As conclusion, let's take a look at how could construction sites look like in the distant future. If the robot companies manage to deliver what are they currently promising, the market will turn to them and the race for maximum efficiency will start. A the end, I think, we will get a set of universal robots, which could perform a multitude of tasks. I could also see closed system, in the style of the current software development (Apple), with one producer, one material, one working process.

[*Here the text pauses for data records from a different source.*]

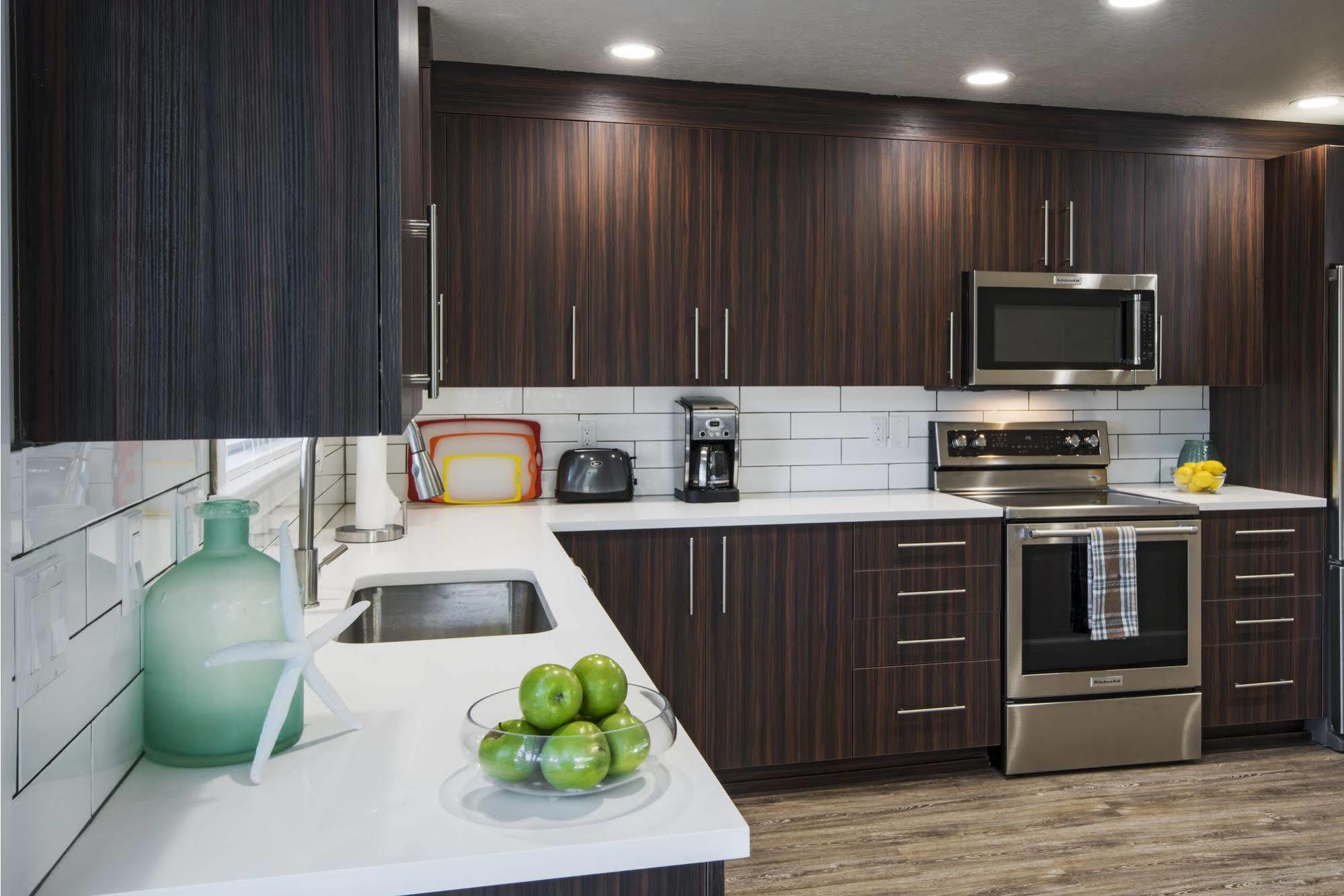 Beach Drive Suites Seaside Bagian luar foto
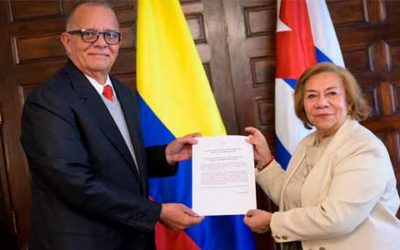 Colombia destaca el papel de Cuba en los procesos de paz durante acto diplomático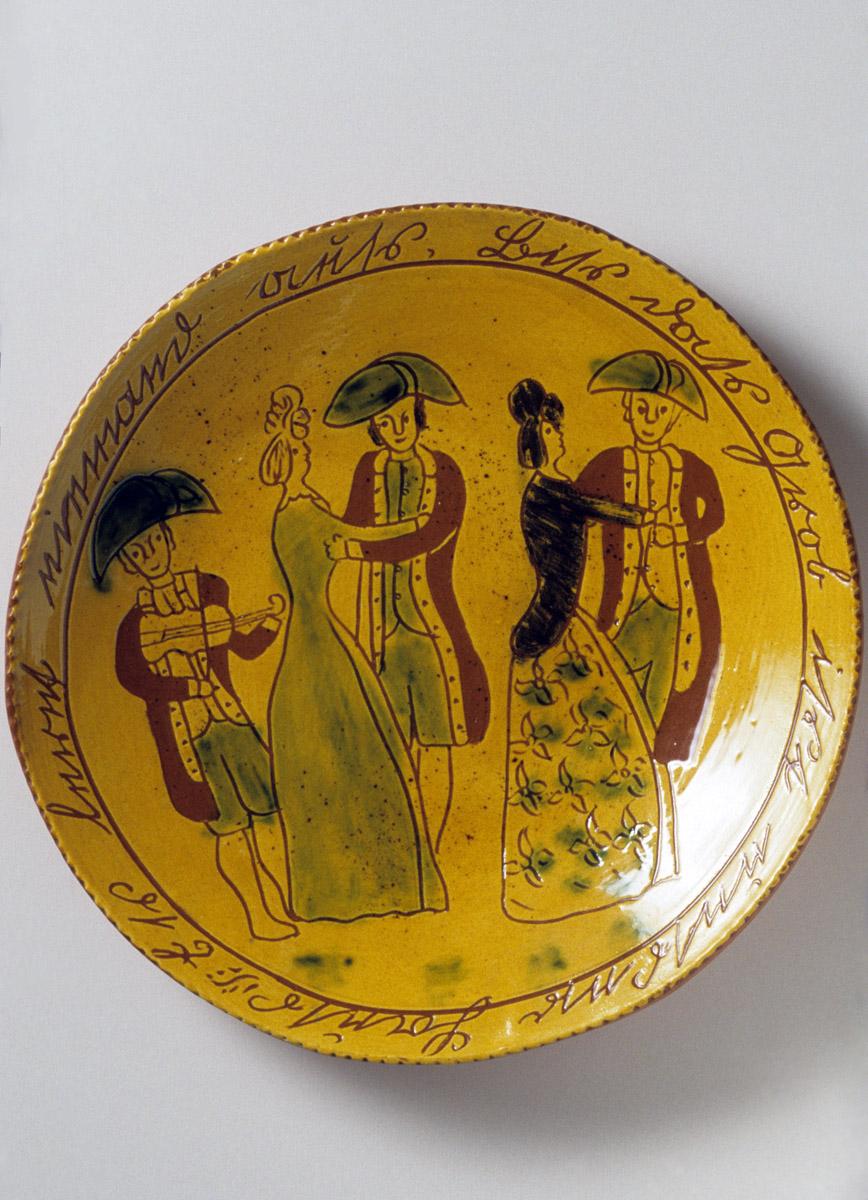 1975.0138 Dish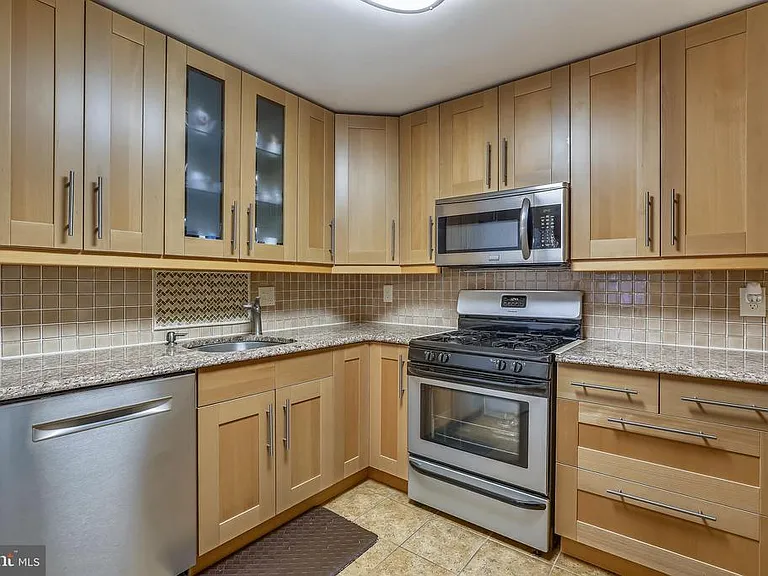 18722 Walkers Choice Rd #4 — Photo 3
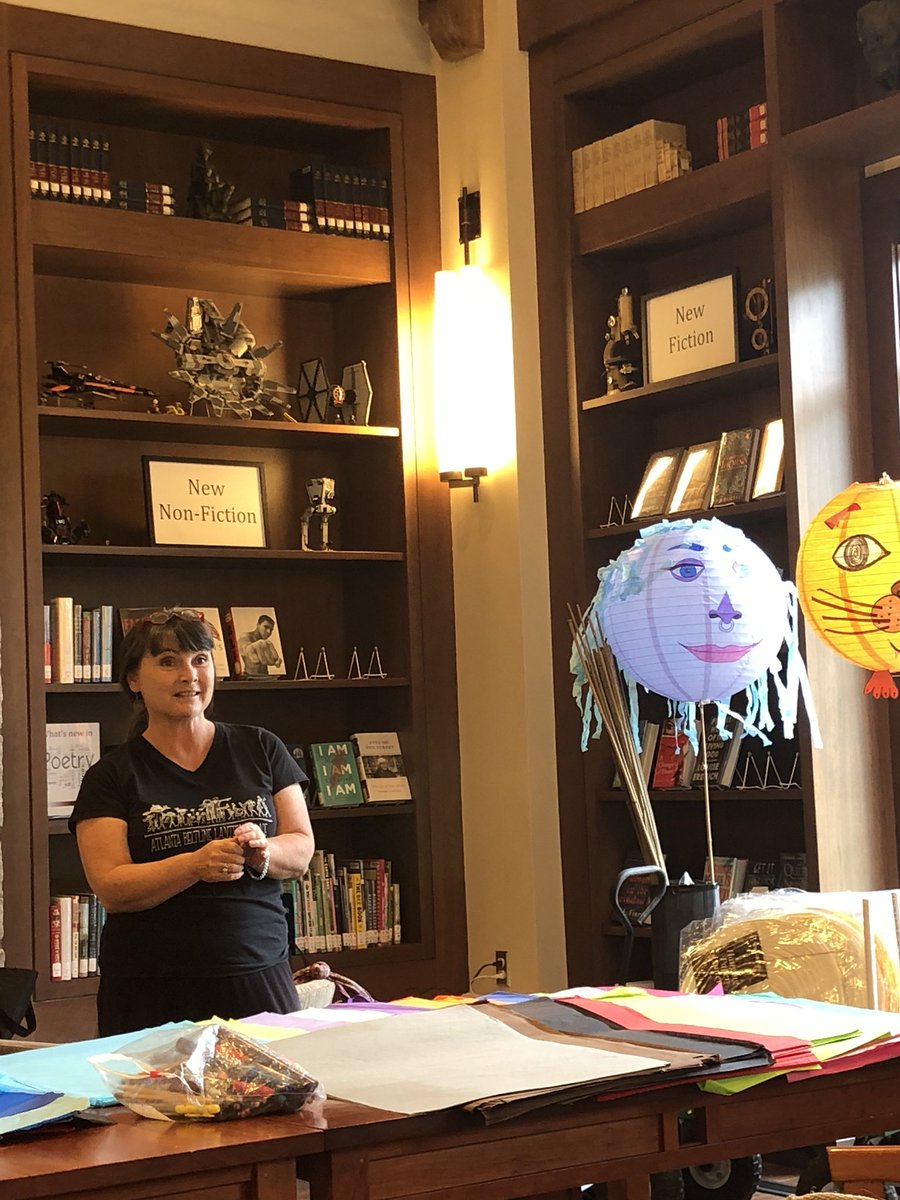 KSandlinITRT's tweet photo. Awesome #lanternworkshop with @ChantelleRytter hosted by @PaceWoodruffLib We had a blast! #AtlantaBeltLineLanternParade #RainbowUnicorn #ThanksMrBall https://t.co/qcOqPuZcx8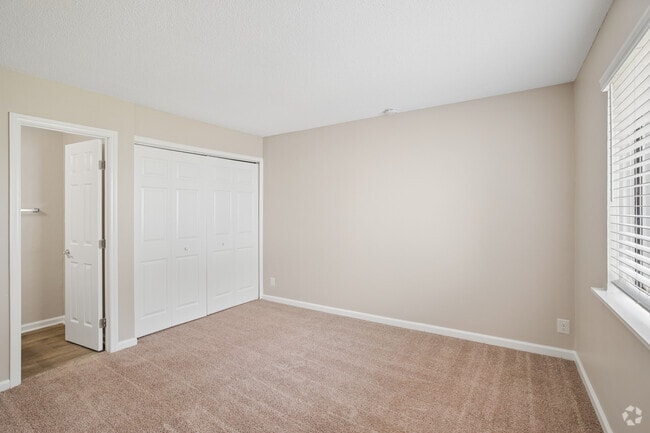 Remodeled B2 2BR, 1.5BA - 860SF - Primary Bedroom - Somerset Apartments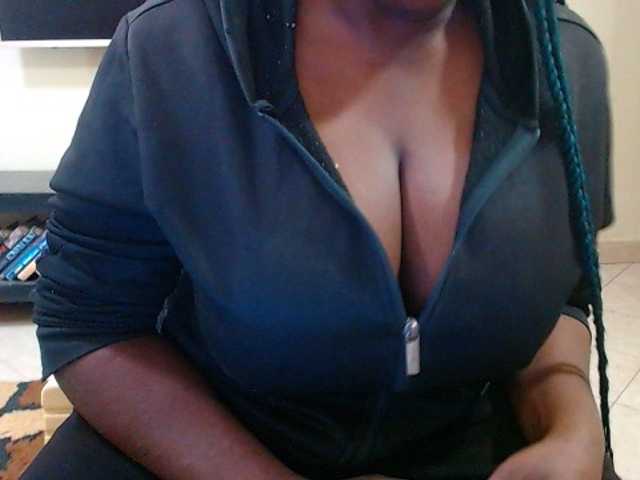 Dalia70 live cam on BongaCams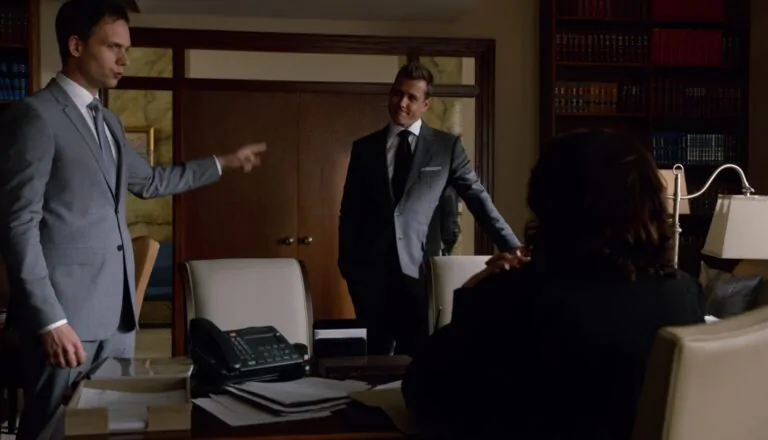 Момент из 2 серии 4 сезона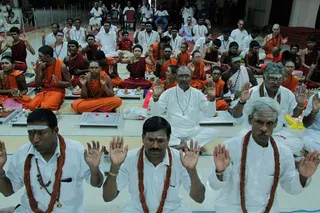 https://nithyananda.org/sites/default/files/photo-gallery/2014-08aug-25-nithyananda-diary_IMG_8653_bidadi-nithya-puja-devotees.JPG?1408972516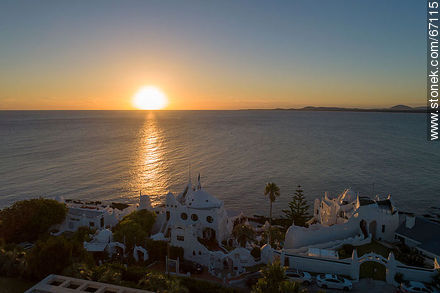 Vista aérea del sol poniente desde Casapueblo - Punta del Este y balnearios cercanos - URUGUAY. Foto No. 67115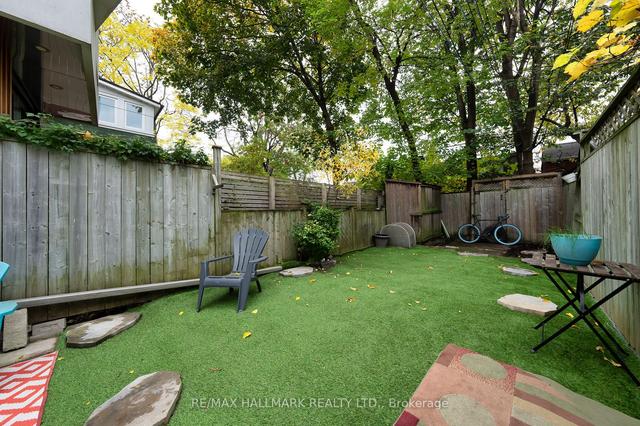 180 Lippincott St, House semidetached with 4 bedrooms, 3 bathrooms and 0 parking in Toronto ON | Image 9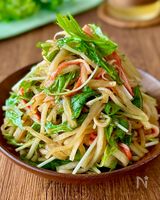 大根とカニかまの旨だれ中華サラダ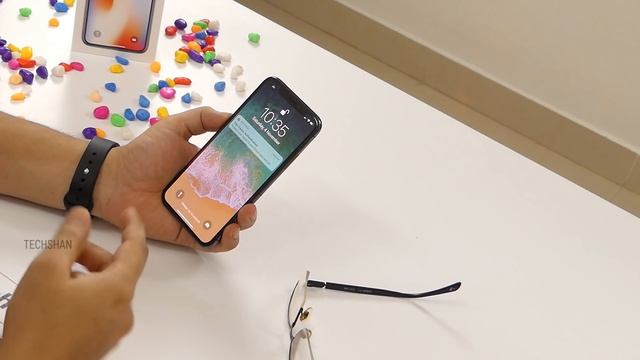 iPhone X - India Retail Unit Overview смотреть онлайн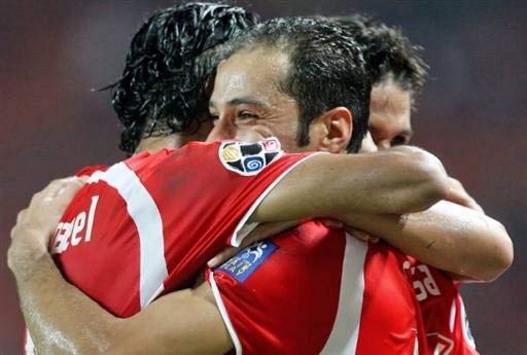 Four-Goal Latif Punishes India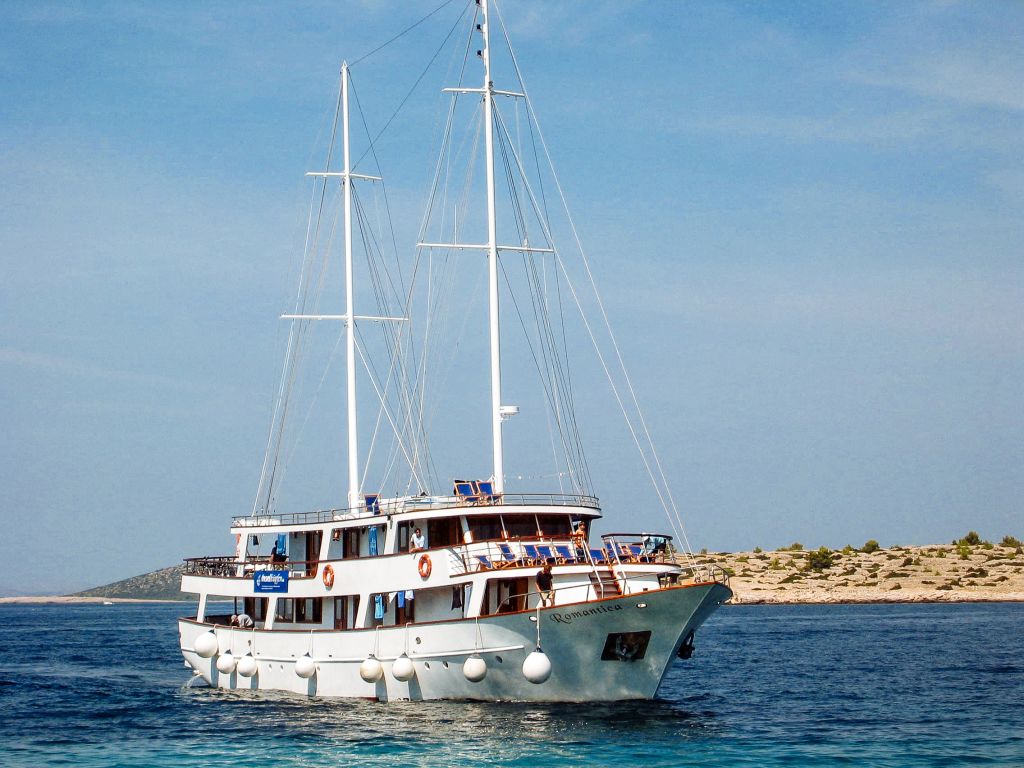 da crociera in navigazione sul mare Adriatico.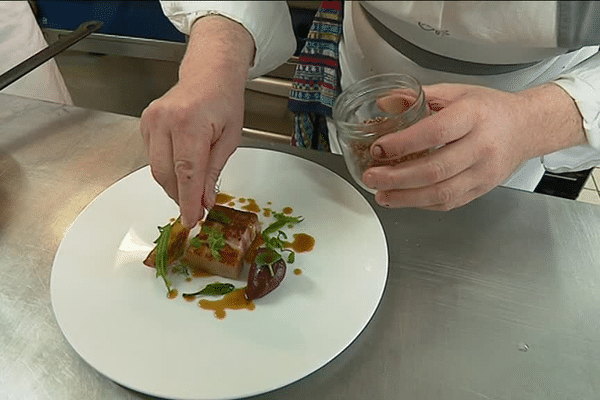 Dressage de l'assiette pour la recette mélangeant poitrine de porc et pommes caramélisées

Universal robots will bring big savings in time, money and materials. Construction will get cheaper, and as construction gets cheaper, there will be more construction projects going on. This way also the cities and the built environment will be changing on a much faster pace. If there is a new need, cities can respond much faster than before. They can build up or tear down buildings, roads, infrastructure, in weeks time. This way our built environment will look much more like a living organism, removing dead stock, unused buildings, and placing what it needs on their space.

8. Conclusion

As conclusion, please take these key messages from my essay. Adoption of robotics will most probably be slow, because the AEC industry has to first solve its internal structural problems. Also robots need to be more industry-ready. Just in the 3D printing field there are 65 startups, which got 1 billion $ investment in 2018. There are some very interesting projects, like a robotic scaffolding company from in Münich making robotized scaffoldings, which will be financed by advertising.

Robots promise savings in 20% up to 70% range, which is a lot. There is a lot of potential and we are still looking for niches, where robots could perform better than current construction techniques. I would bet on prefabrication and infrastructure.

On the long run, with aging workforce, robots are inevitable.